§ Exercise: Give the listing again exactly, skipping any pictures it holds.

§ Given data:
▬▬▬

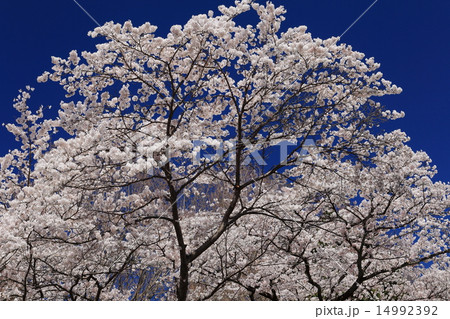 桜と青空 桜と青空 14992392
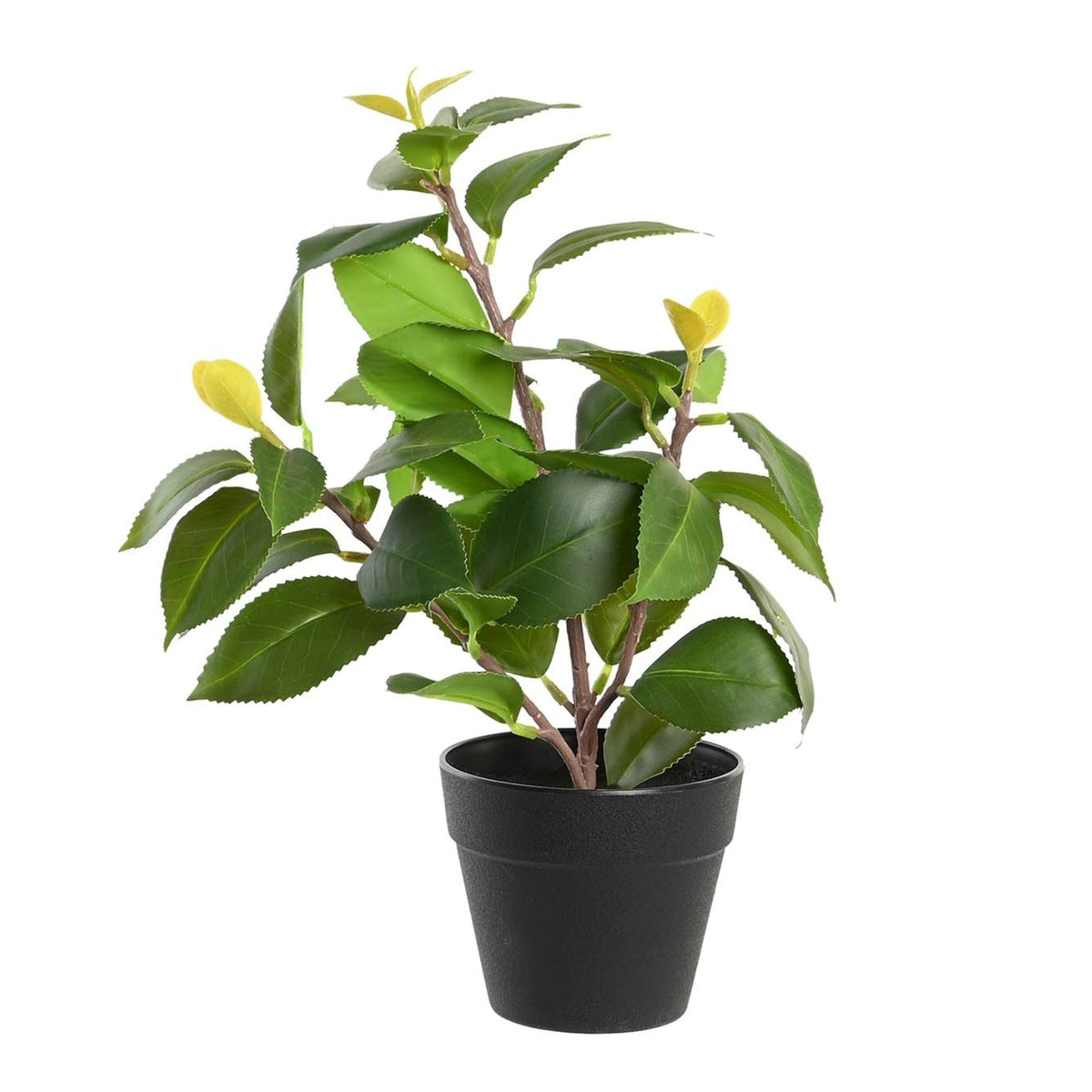 Plant Pot Made of Polyethylene and Polypropylene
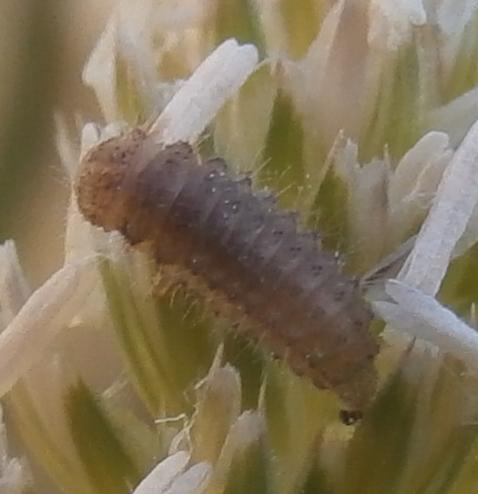 Rhyzobius litura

▬▬▬

§ Solution for this task:
 桜と青空 桜と青空 14992392
 Plant Pot Made of Polyethylene and Polypropylene
 Rhyzobius litura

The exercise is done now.